From our bootstrap approach through function `postpi()`

we get the results with standard error 0.23 (red) and t-statistic 3.60 (blue).

```
kable(results_postpi) %>%
kable_styling("striped", full_width = F) %>%
column_spec(3, bold = T, color = "red") %>%
column_spec(4, bold = T, color = "blue")
```

term | estimate | std.error | statistic | p.value |
---|---|---|---|---|

region_200 | 0.8457281 | 0.2346512 | 3.604192 | 0.0004324 |

We observe that the standard error and t-statistic we obtained using our method are close to the gold standard.
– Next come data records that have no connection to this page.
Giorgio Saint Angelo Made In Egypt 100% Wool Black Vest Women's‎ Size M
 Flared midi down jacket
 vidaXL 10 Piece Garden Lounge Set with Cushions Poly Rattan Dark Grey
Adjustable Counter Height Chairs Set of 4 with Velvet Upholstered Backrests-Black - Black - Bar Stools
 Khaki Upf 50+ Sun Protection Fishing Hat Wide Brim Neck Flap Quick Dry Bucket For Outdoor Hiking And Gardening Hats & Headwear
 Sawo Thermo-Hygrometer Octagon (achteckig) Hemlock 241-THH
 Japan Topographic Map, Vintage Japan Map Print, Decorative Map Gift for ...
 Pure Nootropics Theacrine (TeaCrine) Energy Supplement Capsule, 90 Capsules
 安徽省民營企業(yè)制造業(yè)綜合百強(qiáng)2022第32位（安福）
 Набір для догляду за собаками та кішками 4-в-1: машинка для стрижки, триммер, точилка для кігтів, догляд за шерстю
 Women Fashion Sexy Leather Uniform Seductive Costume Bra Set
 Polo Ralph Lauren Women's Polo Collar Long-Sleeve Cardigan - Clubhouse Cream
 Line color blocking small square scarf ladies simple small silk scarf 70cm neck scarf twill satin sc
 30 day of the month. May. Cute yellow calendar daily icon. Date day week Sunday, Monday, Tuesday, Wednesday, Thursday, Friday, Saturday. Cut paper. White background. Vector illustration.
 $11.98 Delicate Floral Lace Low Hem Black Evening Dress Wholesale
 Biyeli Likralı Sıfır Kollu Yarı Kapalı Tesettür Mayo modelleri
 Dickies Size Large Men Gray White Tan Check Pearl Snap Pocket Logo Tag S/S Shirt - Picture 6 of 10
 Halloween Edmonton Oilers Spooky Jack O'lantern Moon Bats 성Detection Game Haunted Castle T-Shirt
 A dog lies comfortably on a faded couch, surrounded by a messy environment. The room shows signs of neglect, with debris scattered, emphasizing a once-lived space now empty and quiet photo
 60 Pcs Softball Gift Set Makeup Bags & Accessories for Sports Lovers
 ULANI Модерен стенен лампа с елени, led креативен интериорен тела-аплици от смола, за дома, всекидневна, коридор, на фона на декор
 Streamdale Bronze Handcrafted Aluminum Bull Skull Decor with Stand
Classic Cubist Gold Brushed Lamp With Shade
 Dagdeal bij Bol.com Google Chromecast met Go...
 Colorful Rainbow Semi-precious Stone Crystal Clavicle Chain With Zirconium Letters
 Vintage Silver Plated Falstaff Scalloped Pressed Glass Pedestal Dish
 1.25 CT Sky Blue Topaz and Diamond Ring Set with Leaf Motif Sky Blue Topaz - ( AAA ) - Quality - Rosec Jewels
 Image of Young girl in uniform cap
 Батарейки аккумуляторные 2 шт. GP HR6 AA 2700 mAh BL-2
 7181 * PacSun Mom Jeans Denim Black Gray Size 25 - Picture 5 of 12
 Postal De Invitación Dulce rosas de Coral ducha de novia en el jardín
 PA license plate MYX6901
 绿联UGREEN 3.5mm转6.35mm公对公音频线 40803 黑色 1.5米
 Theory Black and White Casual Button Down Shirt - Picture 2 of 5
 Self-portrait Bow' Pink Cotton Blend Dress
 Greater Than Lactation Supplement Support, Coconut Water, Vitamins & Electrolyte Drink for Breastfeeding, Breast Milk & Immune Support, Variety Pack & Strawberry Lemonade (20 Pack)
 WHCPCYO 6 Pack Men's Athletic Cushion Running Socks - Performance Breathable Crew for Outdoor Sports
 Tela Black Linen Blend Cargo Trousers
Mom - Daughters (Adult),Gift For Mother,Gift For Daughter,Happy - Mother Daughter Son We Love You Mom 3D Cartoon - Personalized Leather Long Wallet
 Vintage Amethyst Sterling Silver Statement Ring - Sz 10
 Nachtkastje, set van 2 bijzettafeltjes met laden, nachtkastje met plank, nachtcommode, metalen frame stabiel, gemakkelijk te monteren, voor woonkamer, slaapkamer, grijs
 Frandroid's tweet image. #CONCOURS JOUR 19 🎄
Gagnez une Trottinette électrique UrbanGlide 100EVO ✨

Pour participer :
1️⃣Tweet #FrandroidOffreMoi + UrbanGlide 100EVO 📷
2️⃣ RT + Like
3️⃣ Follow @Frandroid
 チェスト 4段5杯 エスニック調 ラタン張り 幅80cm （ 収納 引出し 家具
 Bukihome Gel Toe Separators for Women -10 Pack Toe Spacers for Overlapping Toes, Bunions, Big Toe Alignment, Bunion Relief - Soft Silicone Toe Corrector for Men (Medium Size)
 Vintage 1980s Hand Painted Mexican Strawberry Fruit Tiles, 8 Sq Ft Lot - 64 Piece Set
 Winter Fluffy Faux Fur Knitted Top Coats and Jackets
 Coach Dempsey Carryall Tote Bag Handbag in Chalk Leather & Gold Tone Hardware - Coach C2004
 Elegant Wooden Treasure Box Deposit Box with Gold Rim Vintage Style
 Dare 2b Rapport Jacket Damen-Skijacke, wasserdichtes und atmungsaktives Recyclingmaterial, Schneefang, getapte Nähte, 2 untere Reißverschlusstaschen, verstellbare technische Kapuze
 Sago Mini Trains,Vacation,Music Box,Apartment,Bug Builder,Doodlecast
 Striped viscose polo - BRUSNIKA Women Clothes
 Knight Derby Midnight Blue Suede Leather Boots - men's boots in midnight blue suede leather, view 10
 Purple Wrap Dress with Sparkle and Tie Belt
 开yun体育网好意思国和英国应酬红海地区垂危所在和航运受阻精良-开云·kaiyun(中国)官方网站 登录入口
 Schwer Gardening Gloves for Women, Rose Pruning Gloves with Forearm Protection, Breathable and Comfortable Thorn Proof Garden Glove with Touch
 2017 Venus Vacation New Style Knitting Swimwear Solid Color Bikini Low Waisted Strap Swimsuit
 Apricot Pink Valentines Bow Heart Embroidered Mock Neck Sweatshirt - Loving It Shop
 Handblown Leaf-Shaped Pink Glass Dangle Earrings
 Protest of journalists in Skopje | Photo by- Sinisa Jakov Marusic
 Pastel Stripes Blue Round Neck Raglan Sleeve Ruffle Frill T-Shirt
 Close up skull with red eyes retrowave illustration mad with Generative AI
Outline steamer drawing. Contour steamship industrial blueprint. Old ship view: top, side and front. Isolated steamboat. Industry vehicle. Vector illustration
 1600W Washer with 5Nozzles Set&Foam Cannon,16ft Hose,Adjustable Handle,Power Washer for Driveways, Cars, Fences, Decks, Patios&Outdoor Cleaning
However, if we decide to use predicted tissue types as the outcome variable directly in the subsequant inference analyses and with no corrections to the model estimates, we obtain the following results: the standard error is 0.20 (red), smaller than the gold standard 0.25; the t-statistic is 5.11, with absolute value larger than the gold standard 3.80.

```
## show the inference results on validation set without corrections
broom::tidy(glm(inf_formula, validation, family = binomial(link = "logit")))[-1,] %>%
kable() %>%
kable_styling("striped", full_width = F) %>%
column_spec(3, bold = T, color = "red") %>%
column_spec(4, bold = T, color = "blue")
```

term | estimate | std.error | statistic | p.value |
---|---|---|---|---|

region_200 | 1.060776 | 0.207377 | 5.115207 | 3e-07 |

By comparing the inference results using our package and the no correction result, again we conclude that our method works well to correct the inference towards the gold standard!